I'd like an exact copy of every line from the start of the entries below through the line containing "8 سال خدمت برای زمین های ورزشی", please.
☆ ☆ ☆ ☆ ☆ ☆ ☆
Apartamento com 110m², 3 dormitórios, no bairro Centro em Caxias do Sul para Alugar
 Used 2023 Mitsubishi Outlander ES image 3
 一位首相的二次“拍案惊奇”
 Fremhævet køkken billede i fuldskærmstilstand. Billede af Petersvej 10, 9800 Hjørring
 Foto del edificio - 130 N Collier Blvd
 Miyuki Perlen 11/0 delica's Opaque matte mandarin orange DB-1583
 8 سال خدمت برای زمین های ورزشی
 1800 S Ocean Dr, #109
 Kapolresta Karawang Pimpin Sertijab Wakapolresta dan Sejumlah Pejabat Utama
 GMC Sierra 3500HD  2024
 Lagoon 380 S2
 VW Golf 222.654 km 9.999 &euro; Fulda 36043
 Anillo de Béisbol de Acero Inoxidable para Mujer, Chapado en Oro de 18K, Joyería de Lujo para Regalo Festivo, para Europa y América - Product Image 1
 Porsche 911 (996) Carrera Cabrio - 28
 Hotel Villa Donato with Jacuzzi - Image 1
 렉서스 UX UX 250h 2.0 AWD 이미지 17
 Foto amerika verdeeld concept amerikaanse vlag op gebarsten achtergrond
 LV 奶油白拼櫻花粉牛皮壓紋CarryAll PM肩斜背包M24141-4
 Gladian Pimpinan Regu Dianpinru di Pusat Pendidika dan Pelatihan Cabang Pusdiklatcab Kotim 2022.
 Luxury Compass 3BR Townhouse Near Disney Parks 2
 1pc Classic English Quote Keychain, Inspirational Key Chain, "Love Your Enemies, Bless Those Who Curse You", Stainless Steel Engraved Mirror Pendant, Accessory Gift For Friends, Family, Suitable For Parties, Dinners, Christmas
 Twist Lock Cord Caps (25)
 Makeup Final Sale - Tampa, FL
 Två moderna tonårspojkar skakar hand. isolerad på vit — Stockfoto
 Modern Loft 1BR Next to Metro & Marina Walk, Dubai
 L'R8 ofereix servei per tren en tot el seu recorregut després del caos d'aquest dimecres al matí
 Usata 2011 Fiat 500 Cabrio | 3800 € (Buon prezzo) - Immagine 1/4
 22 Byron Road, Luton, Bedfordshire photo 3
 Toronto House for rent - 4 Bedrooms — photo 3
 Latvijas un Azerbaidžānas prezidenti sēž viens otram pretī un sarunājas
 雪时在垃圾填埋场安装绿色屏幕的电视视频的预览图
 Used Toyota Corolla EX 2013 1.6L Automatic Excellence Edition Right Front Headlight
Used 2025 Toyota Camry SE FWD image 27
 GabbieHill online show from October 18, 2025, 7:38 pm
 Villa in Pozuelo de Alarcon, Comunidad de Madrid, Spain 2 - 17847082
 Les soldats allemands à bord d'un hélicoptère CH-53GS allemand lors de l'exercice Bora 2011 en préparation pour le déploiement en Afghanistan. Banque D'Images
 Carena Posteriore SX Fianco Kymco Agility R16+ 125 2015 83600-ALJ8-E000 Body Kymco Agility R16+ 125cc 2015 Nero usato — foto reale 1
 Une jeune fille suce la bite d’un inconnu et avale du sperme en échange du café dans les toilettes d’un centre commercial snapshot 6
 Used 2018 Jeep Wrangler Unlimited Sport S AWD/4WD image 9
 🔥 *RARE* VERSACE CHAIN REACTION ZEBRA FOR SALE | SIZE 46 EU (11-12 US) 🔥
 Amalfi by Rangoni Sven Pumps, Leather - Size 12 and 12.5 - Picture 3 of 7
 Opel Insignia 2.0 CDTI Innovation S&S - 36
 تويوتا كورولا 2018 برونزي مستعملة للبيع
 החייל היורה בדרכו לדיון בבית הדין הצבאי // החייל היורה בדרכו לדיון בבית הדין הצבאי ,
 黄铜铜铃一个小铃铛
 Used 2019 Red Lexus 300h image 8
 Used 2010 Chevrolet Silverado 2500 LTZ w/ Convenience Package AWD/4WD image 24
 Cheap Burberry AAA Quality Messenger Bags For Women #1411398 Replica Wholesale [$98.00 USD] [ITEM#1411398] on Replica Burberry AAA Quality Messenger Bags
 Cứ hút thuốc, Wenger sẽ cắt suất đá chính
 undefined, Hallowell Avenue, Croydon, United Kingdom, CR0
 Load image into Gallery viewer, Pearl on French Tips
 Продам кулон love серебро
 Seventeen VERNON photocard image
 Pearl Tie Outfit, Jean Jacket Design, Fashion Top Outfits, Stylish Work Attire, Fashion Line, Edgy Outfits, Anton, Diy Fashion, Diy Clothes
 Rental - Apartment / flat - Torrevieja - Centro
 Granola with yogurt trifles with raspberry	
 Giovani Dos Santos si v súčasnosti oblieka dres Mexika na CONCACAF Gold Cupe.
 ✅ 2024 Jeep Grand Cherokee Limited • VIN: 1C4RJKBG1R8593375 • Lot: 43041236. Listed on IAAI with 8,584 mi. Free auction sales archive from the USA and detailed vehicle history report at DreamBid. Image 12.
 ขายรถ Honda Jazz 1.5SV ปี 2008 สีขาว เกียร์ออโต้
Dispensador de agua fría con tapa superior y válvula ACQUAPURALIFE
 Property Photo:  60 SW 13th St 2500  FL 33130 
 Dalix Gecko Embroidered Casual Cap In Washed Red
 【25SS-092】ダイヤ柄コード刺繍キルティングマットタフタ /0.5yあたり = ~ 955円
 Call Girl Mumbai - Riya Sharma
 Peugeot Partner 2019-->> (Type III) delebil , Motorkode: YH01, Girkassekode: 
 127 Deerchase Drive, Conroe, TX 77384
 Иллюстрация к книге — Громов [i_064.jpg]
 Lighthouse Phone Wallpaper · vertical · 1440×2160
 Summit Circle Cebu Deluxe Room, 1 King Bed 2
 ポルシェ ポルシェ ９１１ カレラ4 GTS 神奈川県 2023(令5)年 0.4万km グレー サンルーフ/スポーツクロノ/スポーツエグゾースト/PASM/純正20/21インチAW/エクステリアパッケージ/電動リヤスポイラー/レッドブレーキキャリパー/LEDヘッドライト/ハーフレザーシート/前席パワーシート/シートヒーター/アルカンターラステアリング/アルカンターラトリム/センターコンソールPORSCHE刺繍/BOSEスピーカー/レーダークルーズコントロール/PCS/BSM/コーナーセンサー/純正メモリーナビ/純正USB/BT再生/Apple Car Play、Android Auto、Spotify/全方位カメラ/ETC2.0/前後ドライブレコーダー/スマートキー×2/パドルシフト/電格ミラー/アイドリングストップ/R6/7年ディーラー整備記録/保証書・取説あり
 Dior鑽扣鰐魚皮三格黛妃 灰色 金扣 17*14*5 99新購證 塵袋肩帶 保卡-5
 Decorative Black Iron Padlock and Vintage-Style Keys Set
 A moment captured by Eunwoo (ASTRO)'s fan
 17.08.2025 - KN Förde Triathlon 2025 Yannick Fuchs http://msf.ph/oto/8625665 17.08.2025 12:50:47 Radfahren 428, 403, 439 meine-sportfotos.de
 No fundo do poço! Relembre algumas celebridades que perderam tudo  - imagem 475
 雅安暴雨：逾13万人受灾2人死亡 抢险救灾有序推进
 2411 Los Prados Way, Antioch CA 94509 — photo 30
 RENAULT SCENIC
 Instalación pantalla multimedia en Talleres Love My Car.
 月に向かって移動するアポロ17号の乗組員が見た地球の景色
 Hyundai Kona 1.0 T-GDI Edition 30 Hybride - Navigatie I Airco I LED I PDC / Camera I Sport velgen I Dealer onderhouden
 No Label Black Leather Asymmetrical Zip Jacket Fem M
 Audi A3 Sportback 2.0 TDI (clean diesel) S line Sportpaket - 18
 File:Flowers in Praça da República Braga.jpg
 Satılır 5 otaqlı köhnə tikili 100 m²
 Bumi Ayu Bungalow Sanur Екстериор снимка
☆ ☆ ☆ ☆ ☆ ☆ ☆
▶ [Expected answer]:
Apartamento com 110m², 3 dormitórios, no bairro Centro em Caxias do Sul para Alugar
 Used 2023 Mitsubishi Outlander ES image 3
 一位首相的二次“拍案惊奇”
 Fremhævet køkken billede i fuldskærmstilstand. Billede af Petersvej 10, 9800 Hjørring
 Foto del edificio - 130 N Collier Blvd
 Miyuki Perlen 11/0 delica's Opaque matte mandarin orange DB-1583
 8 سال خدمت برای زمین های ورزشی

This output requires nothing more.